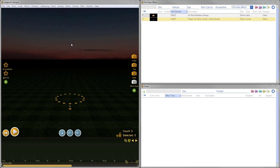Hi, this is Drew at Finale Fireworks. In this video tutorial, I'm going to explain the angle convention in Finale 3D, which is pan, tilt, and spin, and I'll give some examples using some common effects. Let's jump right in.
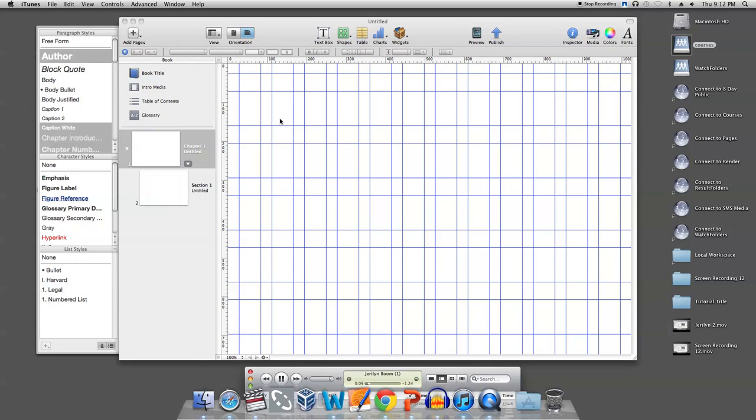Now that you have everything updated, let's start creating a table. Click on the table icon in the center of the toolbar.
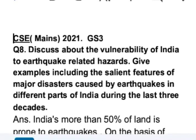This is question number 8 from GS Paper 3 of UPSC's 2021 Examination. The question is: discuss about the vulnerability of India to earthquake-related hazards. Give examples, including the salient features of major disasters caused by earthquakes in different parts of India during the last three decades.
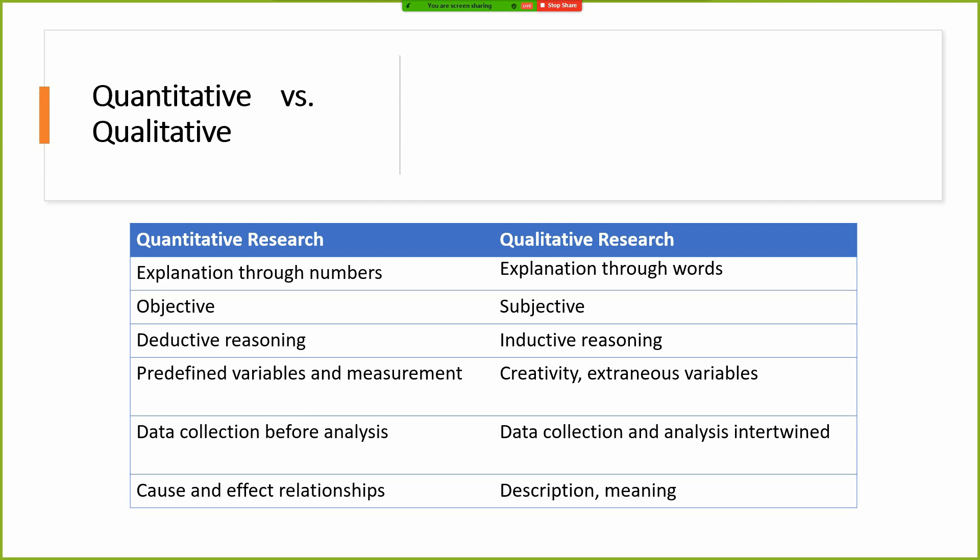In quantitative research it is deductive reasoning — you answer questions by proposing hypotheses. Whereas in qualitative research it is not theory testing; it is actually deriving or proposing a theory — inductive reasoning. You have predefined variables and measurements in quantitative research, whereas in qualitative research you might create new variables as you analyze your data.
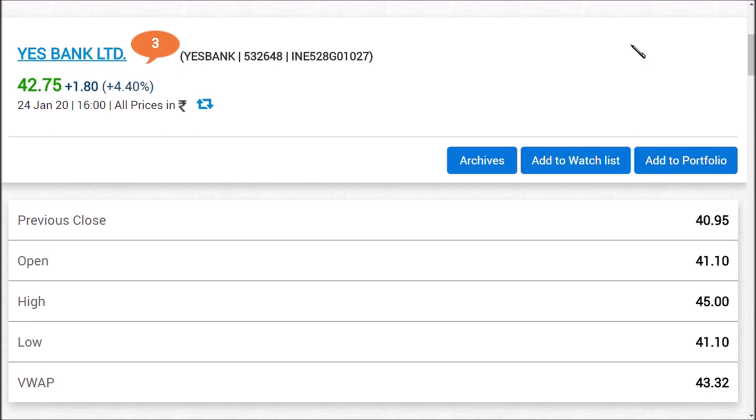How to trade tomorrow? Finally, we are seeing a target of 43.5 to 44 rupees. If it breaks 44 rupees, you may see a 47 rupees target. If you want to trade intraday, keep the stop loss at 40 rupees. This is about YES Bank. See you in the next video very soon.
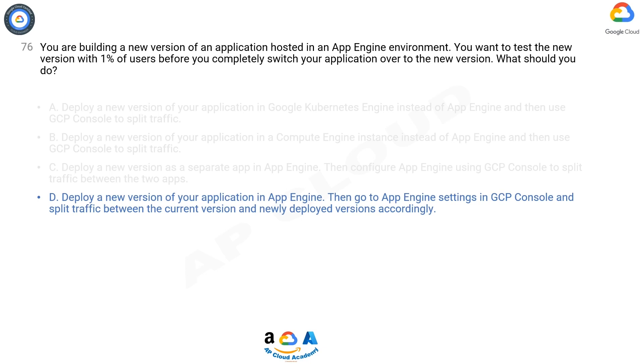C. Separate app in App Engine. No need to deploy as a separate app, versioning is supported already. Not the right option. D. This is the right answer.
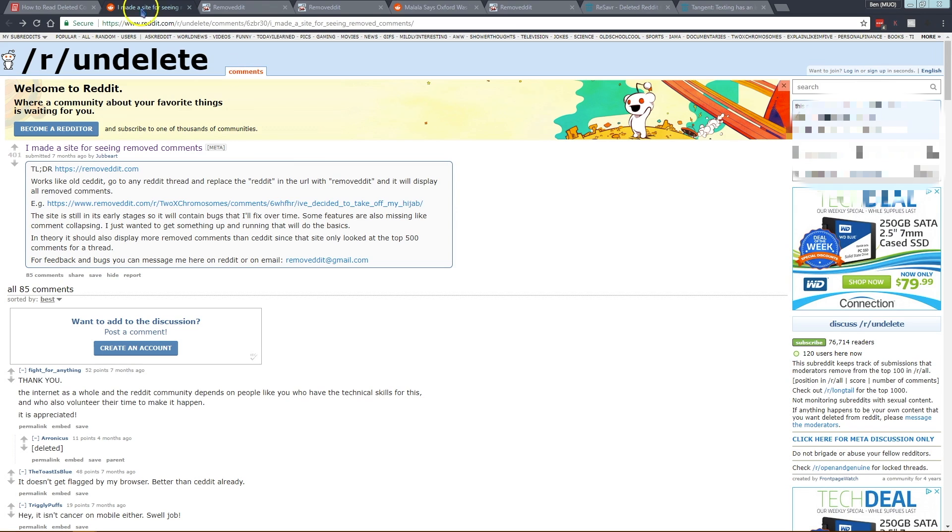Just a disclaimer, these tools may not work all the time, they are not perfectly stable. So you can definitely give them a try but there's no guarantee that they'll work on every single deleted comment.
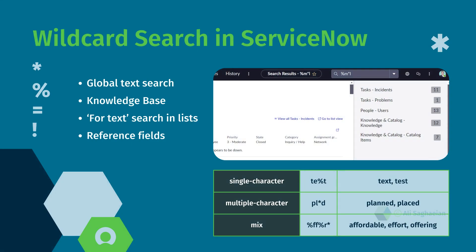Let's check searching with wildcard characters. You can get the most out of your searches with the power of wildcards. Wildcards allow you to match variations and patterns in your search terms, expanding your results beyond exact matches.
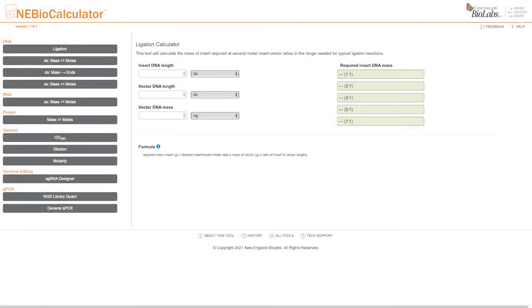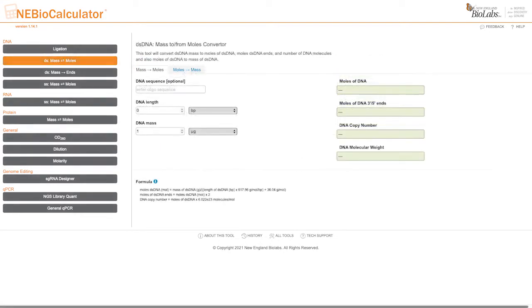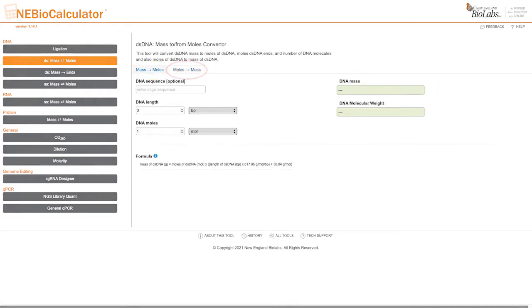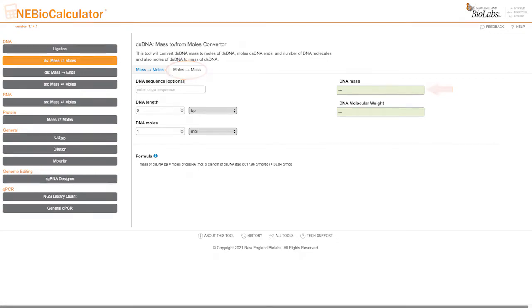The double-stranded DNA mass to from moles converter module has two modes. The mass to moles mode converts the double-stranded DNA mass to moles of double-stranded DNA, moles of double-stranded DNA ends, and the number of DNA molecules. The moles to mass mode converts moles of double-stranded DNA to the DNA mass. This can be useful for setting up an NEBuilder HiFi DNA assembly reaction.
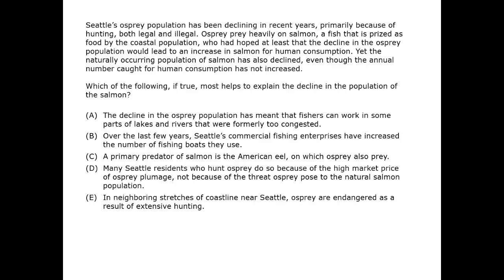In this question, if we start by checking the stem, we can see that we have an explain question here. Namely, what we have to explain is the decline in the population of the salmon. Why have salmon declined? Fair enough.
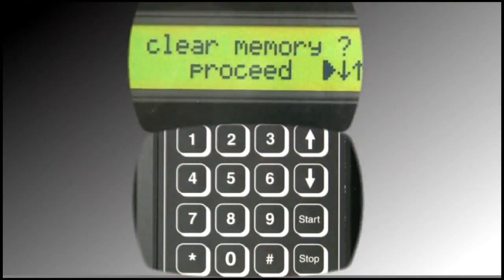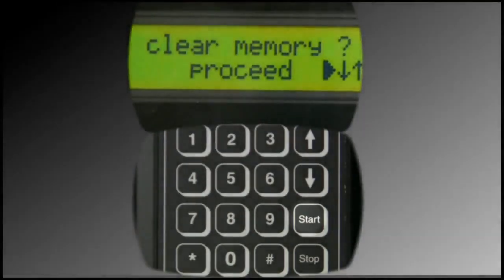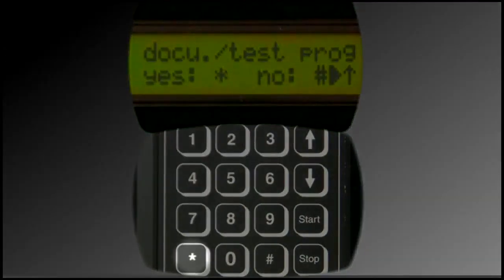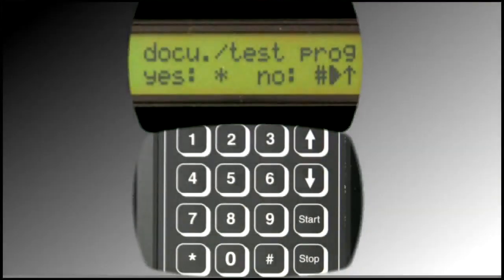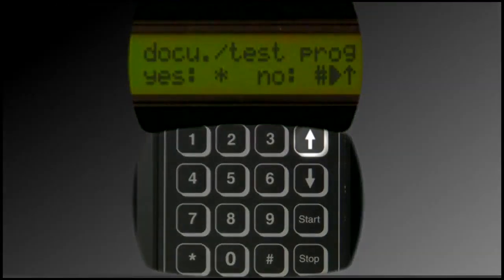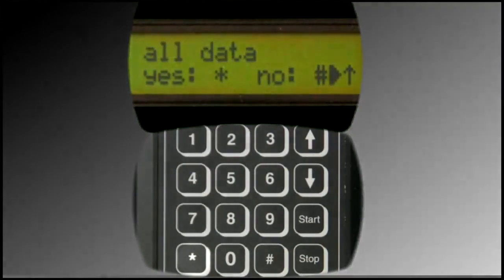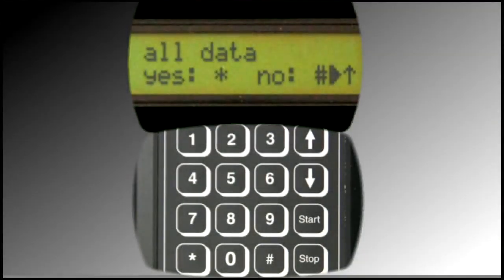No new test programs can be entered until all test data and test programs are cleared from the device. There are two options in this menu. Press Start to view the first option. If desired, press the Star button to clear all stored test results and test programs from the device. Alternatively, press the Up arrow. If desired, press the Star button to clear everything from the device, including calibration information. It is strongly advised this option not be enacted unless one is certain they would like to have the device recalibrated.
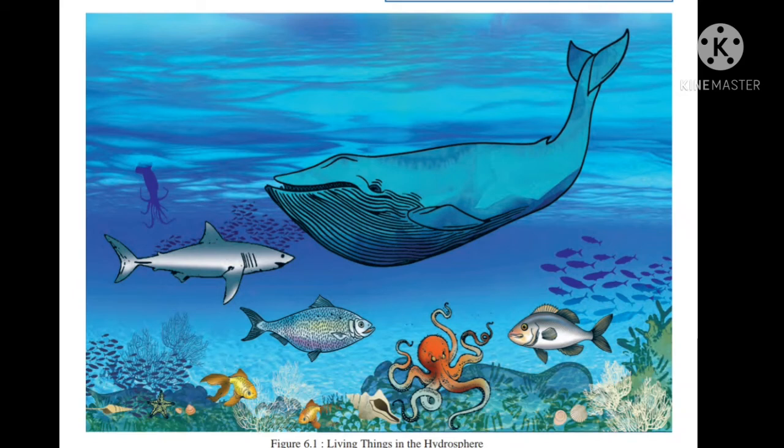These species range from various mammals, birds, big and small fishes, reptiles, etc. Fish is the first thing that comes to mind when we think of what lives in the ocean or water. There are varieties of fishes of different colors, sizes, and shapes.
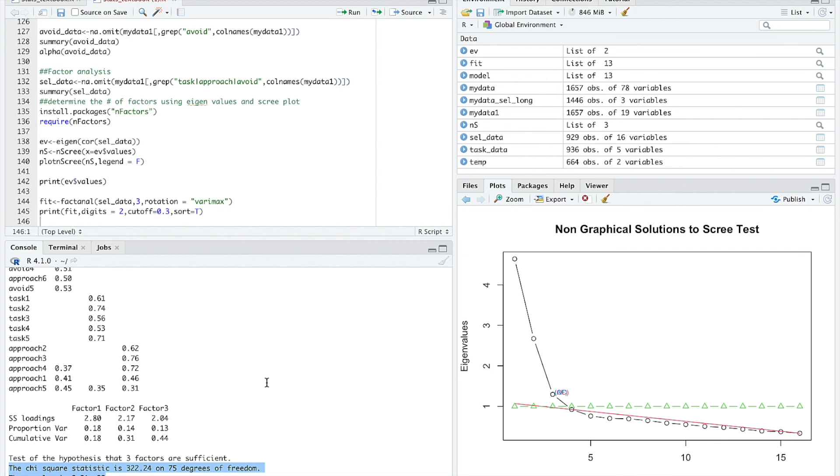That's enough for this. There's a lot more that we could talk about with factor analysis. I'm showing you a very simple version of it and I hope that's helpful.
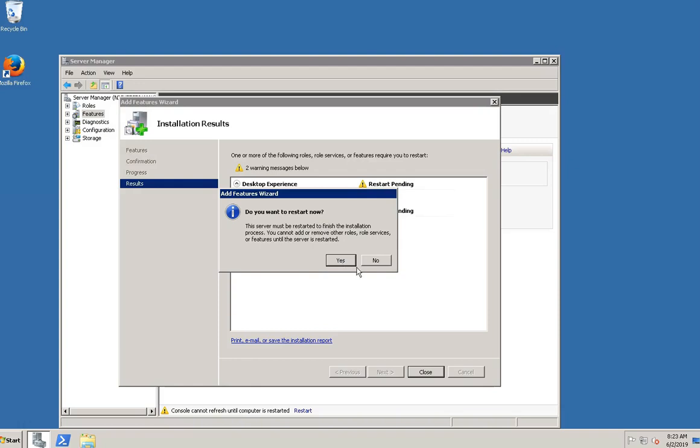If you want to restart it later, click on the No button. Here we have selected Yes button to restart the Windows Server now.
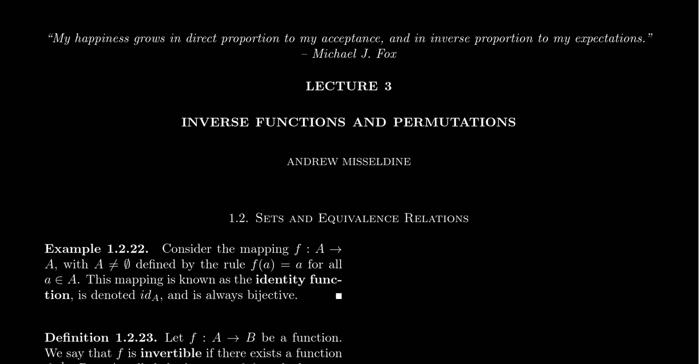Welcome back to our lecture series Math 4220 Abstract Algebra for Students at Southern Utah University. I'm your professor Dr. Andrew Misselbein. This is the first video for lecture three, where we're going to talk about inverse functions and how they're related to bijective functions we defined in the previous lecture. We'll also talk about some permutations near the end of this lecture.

_What is expected:_
Taking the material above, give again exactly the lines from the one holding "How to trade" through the one holding "Let's check searching", with both ends and without pictures.

_Response for this exercise:_
How to trade tomorrow? Finally, we are seeing a target of 43.5 to 44 rupees. If it breaks 44 rupees, you may see a 47 rupees target. If you want to trade intraday, keep the stop loss at 40 rupees. This is about YES Bank. See you in the next video very soon.
C. Separate app in App Engine. No need to deploy as a separate app, versioning is supported already. Not the right option. D. This is the right answer.
Just a disclaimer, these tools may not work all the time, they are not perfectly stable. So you can definitely give them a try but there's no guarantee that they'll work on every single deleted comment.
Let's check searching with wildcard characters. You can get the most out of your searches with the power of wildcards. Wildcards allow you to match variations and patterns in your search terms, expanding your results beyond exact matches.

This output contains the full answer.